--- Extracted data ---

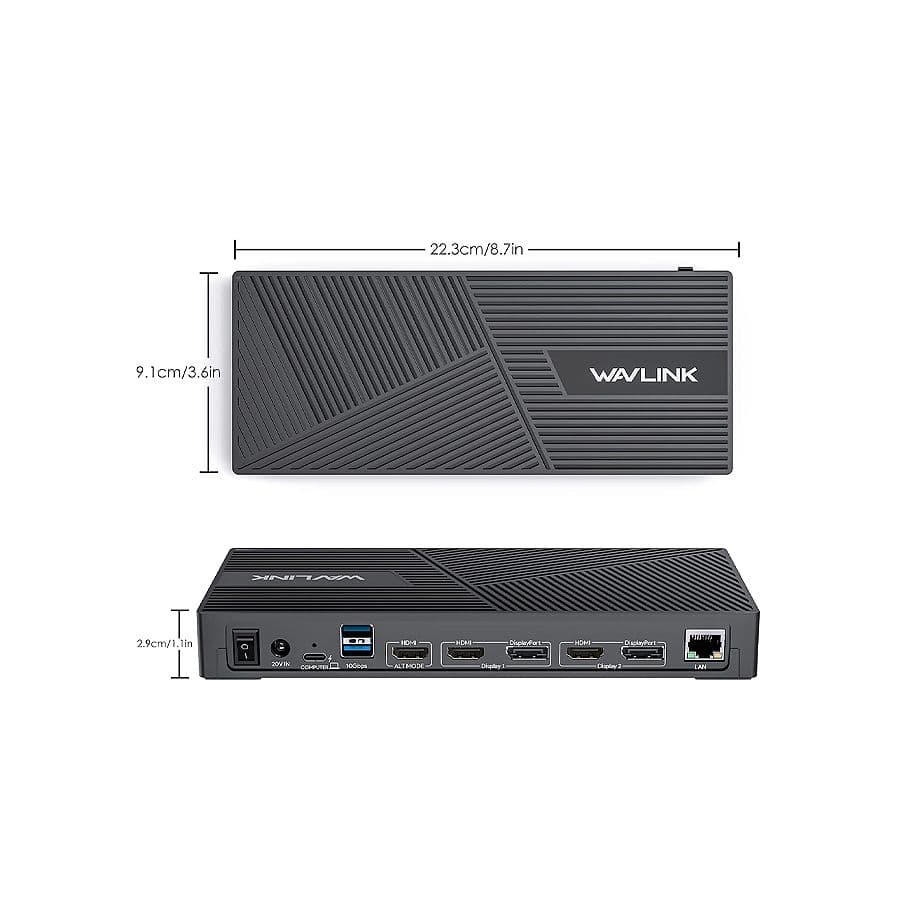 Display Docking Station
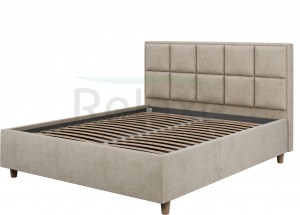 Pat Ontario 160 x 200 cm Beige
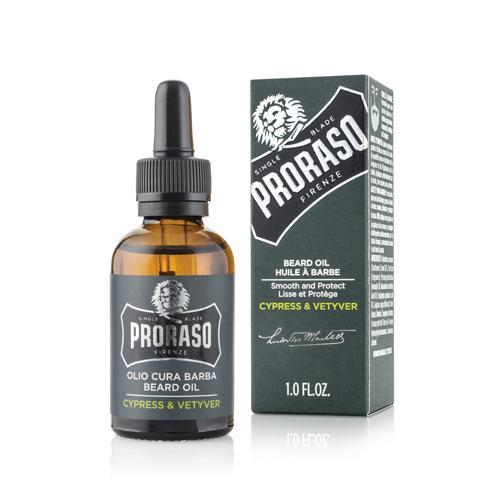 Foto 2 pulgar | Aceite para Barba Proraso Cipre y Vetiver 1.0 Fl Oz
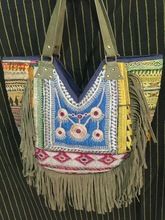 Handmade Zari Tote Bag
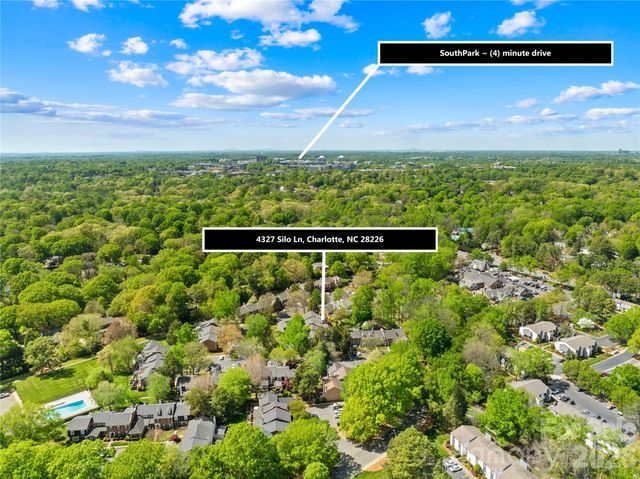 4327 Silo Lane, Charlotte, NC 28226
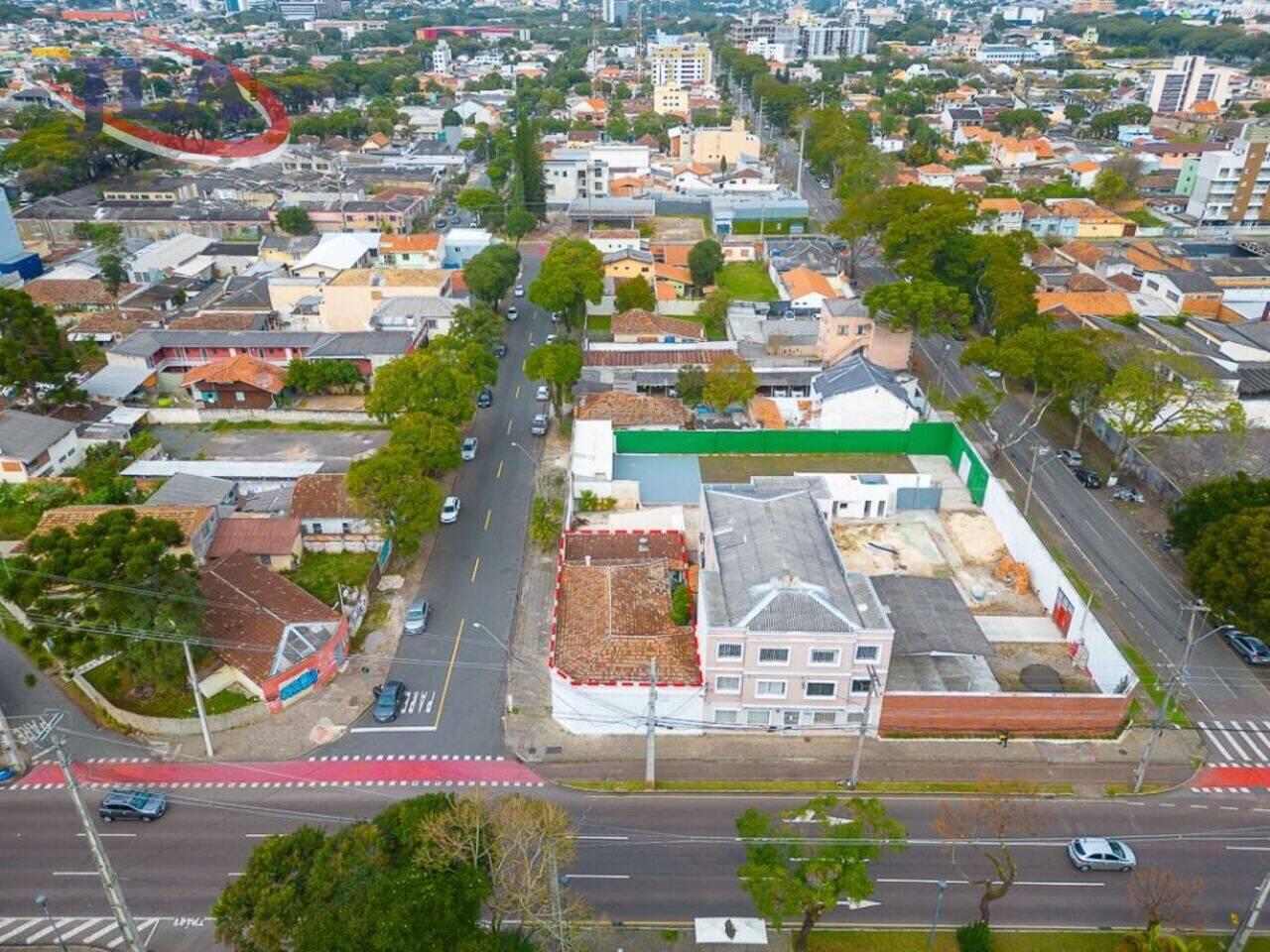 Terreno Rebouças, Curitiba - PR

---
--- Extracted data ---

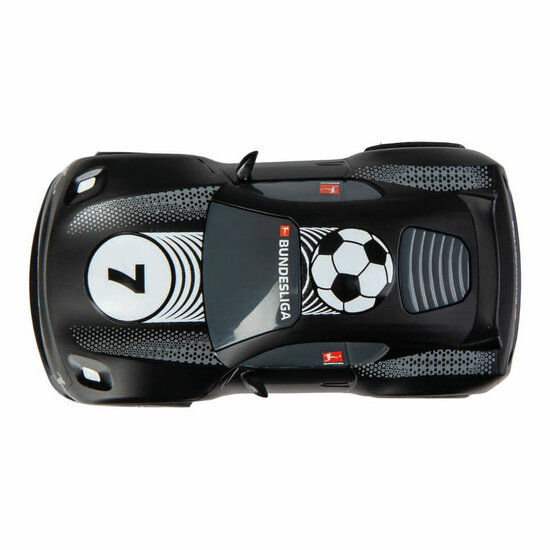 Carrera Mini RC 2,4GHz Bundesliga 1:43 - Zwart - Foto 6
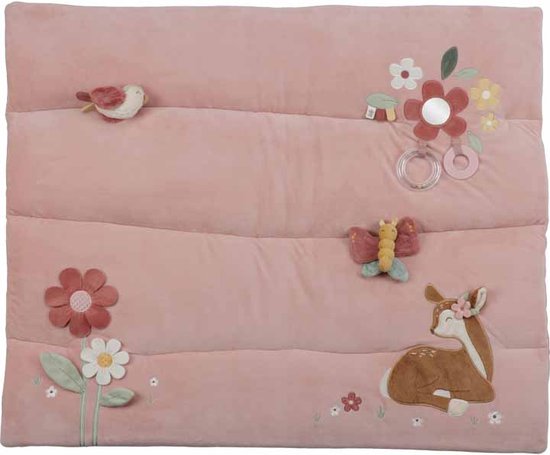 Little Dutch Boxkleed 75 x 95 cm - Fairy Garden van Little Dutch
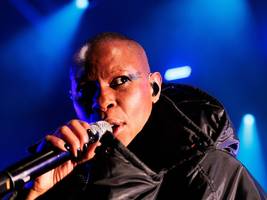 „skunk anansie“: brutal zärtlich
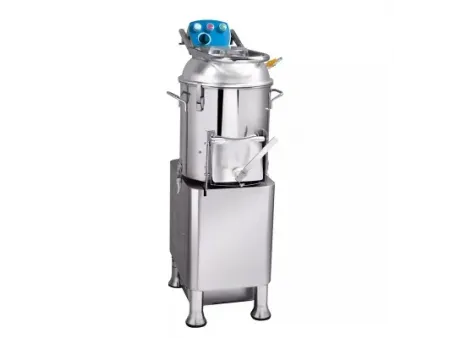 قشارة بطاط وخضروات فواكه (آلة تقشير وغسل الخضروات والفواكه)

---
--- Extracted data ---

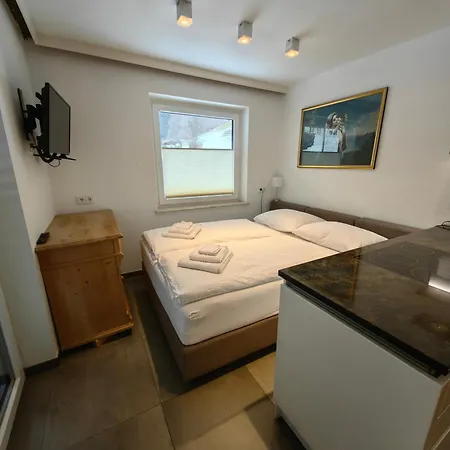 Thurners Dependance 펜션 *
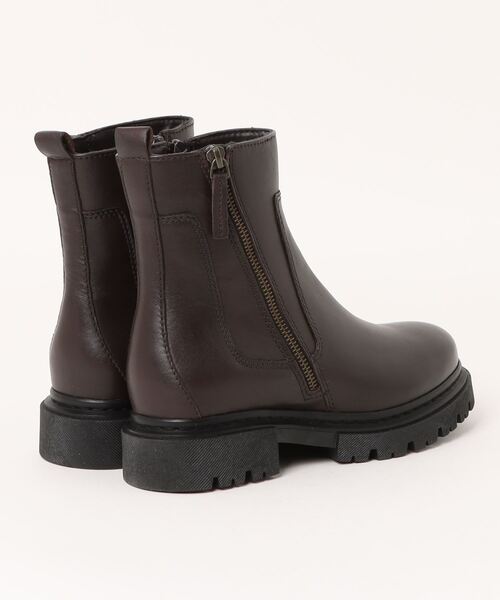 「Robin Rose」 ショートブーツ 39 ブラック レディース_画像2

---

**Action item:** Only the lines above starting with the line with "Display Docking Station" and going on through the line with "Terreno Rebouças, Curitiba - PR" belong in the answer; repeat them exactly, minus any picture.

**Finished exercise:**
 Display Docking Station
 Pat Ontario 160 x 200 cm Beige
 Foto 2 pulgar | Aceite para Barba Proraso Cipre y Vetiver 1.0 Fl Oz
 Handmade Zari Tote Bag
 4327 Silo Lane, Charlotte, NC 28226
 Terreno Rebouças, Curitiba - PR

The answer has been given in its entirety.